# Changes to life partner permit



## karien123 (Feb 27, 2014)

Hi All,

I have just seen the changes to the life partner permit. Department of Home Affairs is unable to give me any more information, as they are not fully aware of the changes yet. Does anyone here understand the implications? My fiance is on a life partner permit in SA. Will he be able to renew it, because we have not been in co habitation for 5 years. It might just be easier to get married and apply for a spouse visa as the new legislation does not affect spouse visa's. Any ideas or advise would be welcome! I contacted a legal immigration company and they are not to sure about the implications either. 

Thanks!!

Kay


----------



## LegalMan (Dec 26, 2012)

This is the question even our lawyers are asking. No-one knows. As it stands, the renewal process should be fine, but could require proof of 5 years as well.

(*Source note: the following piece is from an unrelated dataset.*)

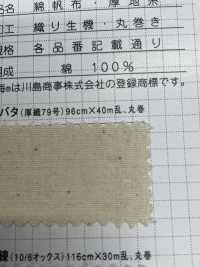 K1419 Fujikinbai Kinume Atsushi No. 79 Kibata[Textile / Fabric] Fuji Gold Plum Sub Photo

While not a solution, we don't see this as a long term regulation. Someone somewhere is going to take Home Affairs to court referencing the constitution. Then it will probably fall away. I'll keep everyone updated on this forum here: http://www.expatforum.com/expats/so...ew-changes-south-african-immigration-law.html

In the meantime things remain insecure for many.


----------



## ALL101 (Mar 7, 2014)

Hi LegalMan, I applied for a life partner visa in December 2013. The home affairs office in Cape Town haven't sent my application to Pretoria yet due to a long backlog. I will need to get a job in order to stay with my partner in Cape Town. If I get a job offer after the new legislation is implemented does it mean that I would need to prove we have been cohabiting for 5 years and/or return to the UK at that point? We only started cohabiting last year although we've been in a relationship since 2011.

Thank you!


----------



## LegalMan (Dec 26, 2012)

This is a difficult question and we can only guess that since you have already applied under the old immigration regulations, that you will successfully receive your life partner visa should you comply with all the requirements at the time of application.

To then apply for a work endorsement shouldn't be affected by the length of your relationship. My guess is therefore that you will be fine.


----------